Data block:

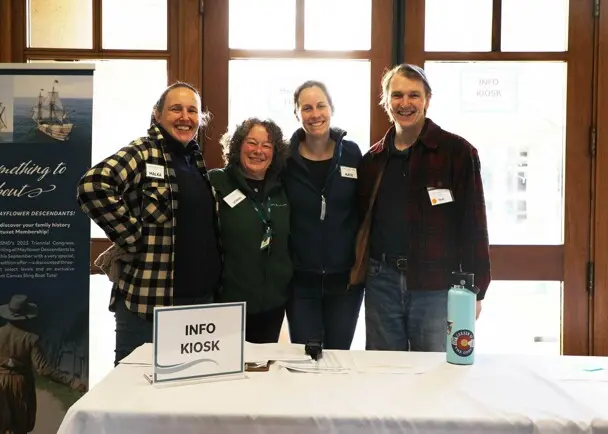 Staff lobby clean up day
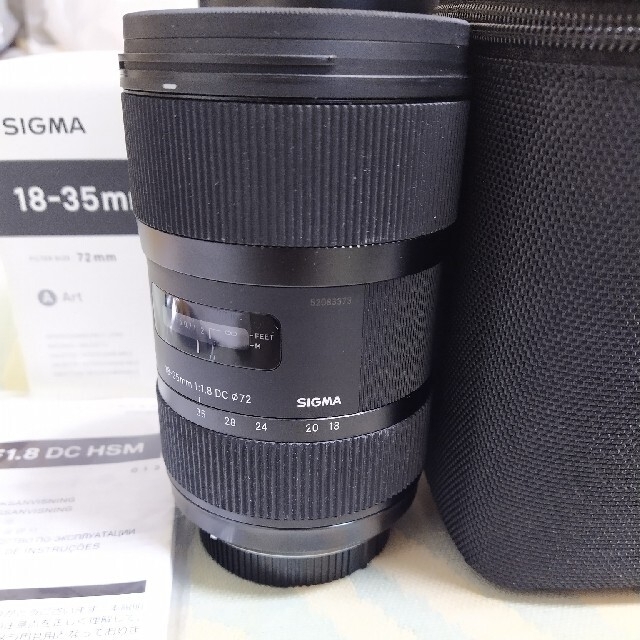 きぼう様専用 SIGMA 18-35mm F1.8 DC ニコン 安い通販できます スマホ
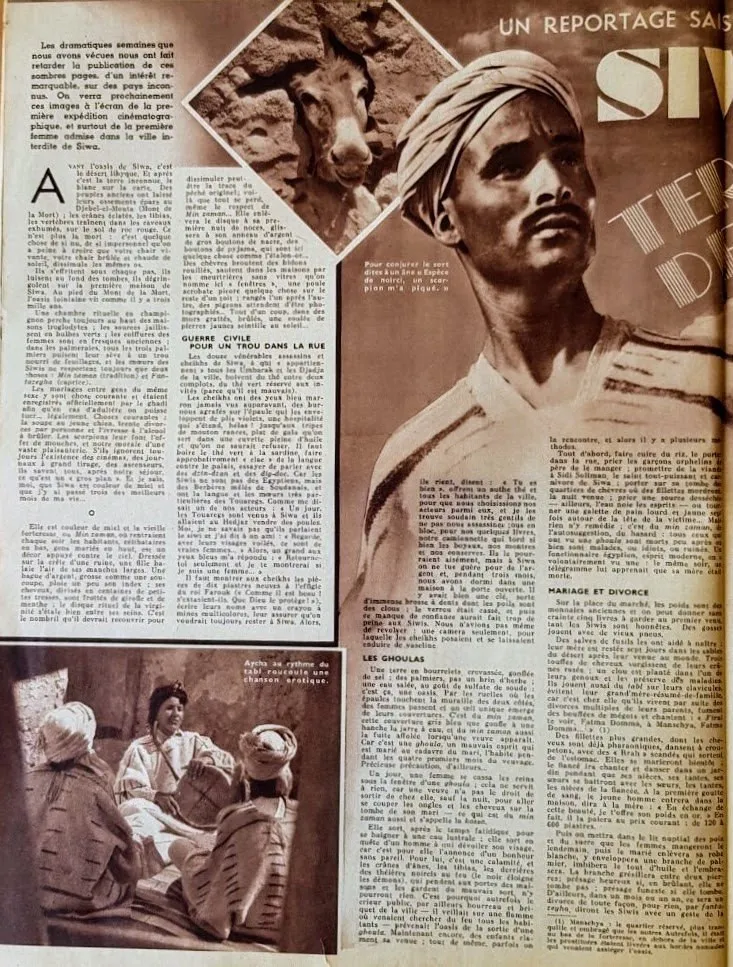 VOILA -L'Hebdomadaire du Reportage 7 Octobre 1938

Exercise aim:
Leaving each image aside, repeat the listing above exactly.

Answer section:
 Staff lobby clean up day
 きぼう様専用 SIGMA 18-35mm F1.8 DC ニコン 安い通販できます スマホ
 VOILA -L'Hebdomadaire du Reportage 7 Octobre 1938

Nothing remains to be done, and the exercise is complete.